His lecture described how he encountered modern and contemporary art outside the UK and examined how, from the beginning of the 1980s, he has engaged with modern and contemporary art in a global field.

photo by Ujin Matsuo

1. Early 1970s: First Steps

Elliott got involved with art relatively early. While an undergraduate student in history at Durham University in the UK during the late 1960s, he had been wondering what to do with his life and tried in vain to make sense of the world. His interest in history was related to the nature of his generation: the first generation born in postwar Europe, the age of the Cold War.

His critical encounter with art outside his own culture happened on visits to Leicester Art Gallery and Museum which was near to where he went to school. The museum was well known for its collection of British art, particularly Sporting Painting, but in two galleries it had a very different collection of German Expressionism that had arrived there via Jewish emigrés who during the 1930s had fled Germany from the Nazis. These works were so different from British Art, quite unlike anything else he had seen, and his “discovery” of them provoked a kind of epiphany. They included, for instance, Lovis Corinth’s Symbolist “Portrait of Carl Ludwig Elias Aged 7 1/4” (1899) and Expressionist Ludwig Meidner’s “Apocalyptic Vision” (1912). Such works had been labelled as “degenerate” under Hitler’s dictatorship and had been destroyed, burned, or sold abroad. Elliott said that this experience opened his eyes to other kinds of art and made him think “If this was degeneracy, I wanted a slice of it.” In 1970, when he was an undergraduate student of history, at Durham, and inspired by an exhibition of Surrealism made by a friend. This led him to curate, “Germany in Ferment: Art and Society in Germany 1900-1937.” The exhibition focused on the development of modernism in German culture from the time of Impressionism to “Degenerate” art and also traveled to museums in Sheffield and Leicester.

 

2. Later 1970s:Museum of Modern Art, Oxford

When he was offered a first job at the Leicester Art Museum after graduation, Elliott was acutely aware that he didn’t know much about art as his major had been history. So he took  further studies in Art History at Courtauld Institute of Art in London and then worked for just over two years at the Arts Council of Great Britain in London. In 1976, at the age of 27, he was offered the directorship of the Museum of Modern Art, Oxford.

Elliott was involved in both museum and academic practices, and remembers that contemporary art faced “a crisis” towards the end of the 1970s “when what we think of as ‘the age of the avant-garde’ came to an end.” American critic Lucy Lippard’s book “The Dematerialization of the Art Object” (1973) summarised this perfectly: “(in the Western world) art increasingly became less material, so as to almost ‘dematerialize’ itself out of existence.” This led to “a kind of implosion in a belief in the idea of a progressive ‘avant-garde’ as people waited for something else to happen.”

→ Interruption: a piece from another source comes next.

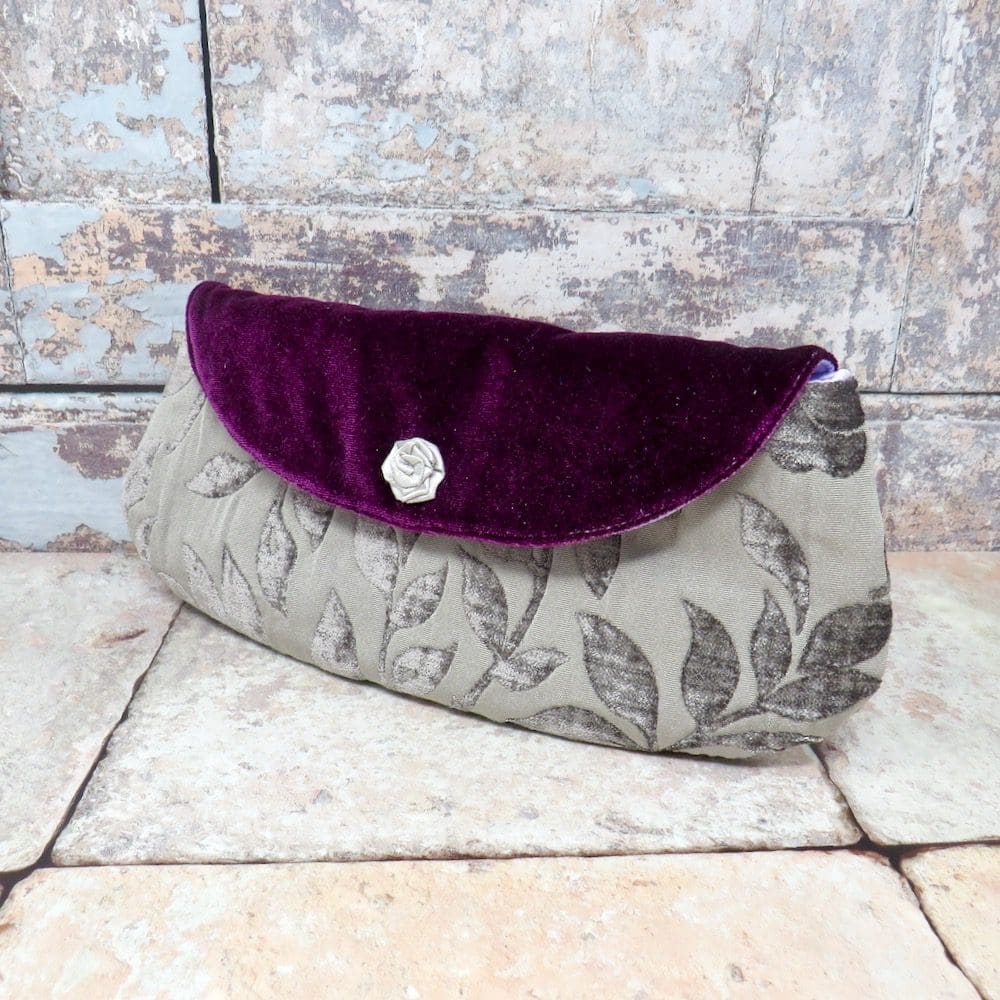 A mid sized clutch in mauve textured velvet and with a purple velvet flap.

Under such conditions, Elliott curated numerous shows. A number of leading women artists such as Mary Kelly, Susan Hiller and Jo Baer were shown at this time. He then examined the early classical avant-garde through solo-exhibitions of Soviet artists El Lissitzky (1977) and Aleksandr Rodchenko (1979) as part of a “reconstruction of the history of the avant-garde in East-West Europe.” “The Falling Leaf: Aerial-Dropped Propaganda 1916-68” (1978) looked at the relationship between propaganda, advertising and art through the medium of small leaflets dropped out of planes. Many of these were from Asian conflicts during World War II and the Vietnam War.

photo by Ujin Matsuo

3. 1980s 1: A Return to Painting

As part of the “implosion” in art history, and the rising desire for something new in response to the “dematerialization” of Minimalism and Conceptualism, the exhibition “A New Spirit in Painting” (1981) at the Royal Academy of Art, London was a milestone. The display of 38, largely male, figurative and abstract western painters indicated a return both to historicism and the medium of paint and this had a strong impact on the art market.

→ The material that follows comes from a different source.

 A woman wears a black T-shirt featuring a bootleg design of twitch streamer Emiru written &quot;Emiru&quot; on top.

At the same time, US President Ronald Reagan and British Prime Minister Margaret Thatcherite came together as leaders of the “Free World” and indulged in an orgy of “Big Bang That cher ite Reaganomics.” The freeing of the money markets that this entailed had a vast impact on the art market as this “new spirit in politics” injected vast amounts of new wealth into the system. The expanding market in contemporary art was a perfect receptacle for new, sometimes suspect, money. Elliott recalls that “contemporary art, formerly a relatively modest concern, suddenly began to cost.”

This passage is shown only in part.